Best Books on Technology Industry: THE LIST
|1. The Future is Faster Than You Think|
|2. The DevOps Handbook|
|3. The Age of Surveillance Capitalism|
|4. The Innovators|
|5. Al Superpowers|
|6. Swipe to Unlock|
|7. Life 3.0|
|8. The Fourth Industrial Revolution|
|9. The Phoenix Project|
|10. Steve Jobs|
|11. Blood, Sweat, and Pixels|
|13. Future Crimes|
|14. Genius Makers|
|15. No Rules Rules|
1. The Future is Faster Than you Think | By Peter Diamandis
In their book Abundance, bestselling authors and futurists Peter Diamandis and Steven Kotler tackled grand global challenges, such as poverty, hunger, and energy. Then, in Bold, they chronicled the use of exponential technologies that allowed the emergence of powerful new entrepreneurs. Now the bestselling authors are back with The Future Is Faster Than You Think, a blueprint for how our world will change in response to the next ten years of rapid technological disruption.
Technology is accelerating far more quickly than anyone could have imagined. During the next decade, we will experience more upheaval and create more wealth than we have in the past hundred years. In this gripping and insightful roadmap to our near future, Diamandis and Kotler investigate how wave after wave of exponentially accelerating technologies will impact both our daily lives and society as a whole. What happens as AI, robotics, virtual reality, digital biology, and sensors crash into 3D printing, blockchain, and global gigabit networks? How will these convergences transform today’s legacy industries? What will happen to the way we raise our kids, govern our nations, and care for our planet?
Diamandis, a space-entrepreneur-turned-innovation-pioneer, and Kotler, bestselling author and peak performance expert, probe the science of technological convergence and how it will reinvent every part of our lives—transportation, retail, advertising, education, health, entertainment, food, and finance—taking humanity into uncharted territories and reimagining the world as we know it.
As indispensable as it is gripping, The Future Is Faster Than You Think provides a prescient look at our impending future.
2. The DevOps Handbook | By Kim Gene
More than ever, the effective management of technology is critical for business competitiveness. For decades, technology leaders have struggled to balance agility, reliability, and security. The consequences of failure have never been greater―whether it’s the healthcare.gov debacle, cardholder data breaches, or missing the boat with Big Data in the cloud.
And yet, high performers using DevOps principles, such as Google, Amazon, Facebook, Etsy, and Netflix, are routinely and reliably deploying code into production hundreds, or even thousands, of times per day.
Following in the footsteps of The Phoenix Project, The DevOps Handbook shows leaders how to replicate these incredible outcomes, by showing how to integrate Product Management, Development, QA, IT Operations, and Information Security to elevate your company and win in the marketplace.

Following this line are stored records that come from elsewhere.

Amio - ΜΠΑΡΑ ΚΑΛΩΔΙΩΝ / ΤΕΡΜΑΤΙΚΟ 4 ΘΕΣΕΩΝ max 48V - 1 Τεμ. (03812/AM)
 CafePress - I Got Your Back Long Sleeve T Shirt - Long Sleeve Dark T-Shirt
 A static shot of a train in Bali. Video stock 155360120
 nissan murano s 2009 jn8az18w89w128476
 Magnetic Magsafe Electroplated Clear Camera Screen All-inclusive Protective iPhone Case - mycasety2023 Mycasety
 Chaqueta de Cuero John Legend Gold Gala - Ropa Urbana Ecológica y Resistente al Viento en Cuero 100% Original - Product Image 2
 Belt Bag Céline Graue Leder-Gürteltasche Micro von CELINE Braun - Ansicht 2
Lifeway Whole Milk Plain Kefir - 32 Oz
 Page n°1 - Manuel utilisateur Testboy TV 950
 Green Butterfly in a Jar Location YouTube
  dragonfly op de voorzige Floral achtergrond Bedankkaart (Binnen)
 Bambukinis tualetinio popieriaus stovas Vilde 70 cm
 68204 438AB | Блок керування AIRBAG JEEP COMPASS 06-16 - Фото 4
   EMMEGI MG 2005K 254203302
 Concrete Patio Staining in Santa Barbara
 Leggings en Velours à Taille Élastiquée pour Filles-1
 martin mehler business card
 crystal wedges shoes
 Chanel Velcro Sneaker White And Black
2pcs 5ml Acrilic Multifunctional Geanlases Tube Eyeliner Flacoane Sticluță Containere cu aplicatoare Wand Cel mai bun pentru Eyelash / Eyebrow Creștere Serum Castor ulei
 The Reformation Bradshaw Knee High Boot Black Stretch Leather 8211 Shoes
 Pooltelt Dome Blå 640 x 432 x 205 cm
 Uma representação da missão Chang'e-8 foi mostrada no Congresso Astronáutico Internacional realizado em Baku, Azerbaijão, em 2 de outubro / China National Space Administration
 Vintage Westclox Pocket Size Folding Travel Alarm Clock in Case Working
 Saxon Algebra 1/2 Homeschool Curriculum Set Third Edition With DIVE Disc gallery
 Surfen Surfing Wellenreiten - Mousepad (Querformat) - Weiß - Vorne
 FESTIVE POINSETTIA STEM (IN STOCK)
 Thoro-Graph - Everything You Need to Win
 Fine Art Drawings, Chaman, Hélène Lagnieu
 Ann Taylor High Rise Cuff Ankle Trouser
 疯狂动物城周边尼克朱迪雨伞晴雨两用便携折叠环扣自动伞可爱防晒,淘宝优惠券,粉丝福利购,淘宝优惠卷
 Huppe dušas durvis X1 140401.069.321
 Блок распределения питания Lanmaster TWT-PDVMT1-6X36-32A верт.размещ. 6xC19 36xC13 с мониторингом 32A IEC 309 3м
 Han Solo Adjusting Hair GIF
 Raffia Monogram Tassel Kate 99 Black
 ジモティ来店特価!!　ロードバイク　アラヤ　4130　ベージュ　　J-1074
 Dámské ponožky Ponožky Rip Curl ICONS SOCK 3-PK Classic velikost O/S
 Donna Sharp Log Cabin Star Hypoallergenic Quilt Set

3. The Age of Surveillance Capitalism | By Zuboff Shoshana
In this masterwork of original thinking and research, Shoshana Zuboff provides startling insights into the phenomenon that she has named surveillance capitalism. The stakes could not be higher: a global architecture of behavior modification threatens human nature in the twenty-first century just as industrial capitalism disfigured the natural world in the twentieth.
Zuboff vividly brings to life the consequences as surveillance capitalism advances from Silicon Valley into every economic sector. Vast wealth and power are accumulated in ominous new “behavioral futures markets,” where predictions about our behavior are bought and sold, and the production of goods and services is subordinated to a new “means of behavioral modification.”
The threat has shifted from a totalitarian Big Brother state to a ubiquitous digital architecture: a “Big Other” operating in the interests of surveillance capital. Here is the crucible of an unprecedented form of power marked by extreme concentrations of knowledge and free from democratic oversight. Zuboff’s comprehensive and moving analysis lays bare the threats to twenty-first-century society: a controlled “hive” of total connection that seduces with promises of total certainty for maximum profit — at the expense of democracy, freedom, and our human future.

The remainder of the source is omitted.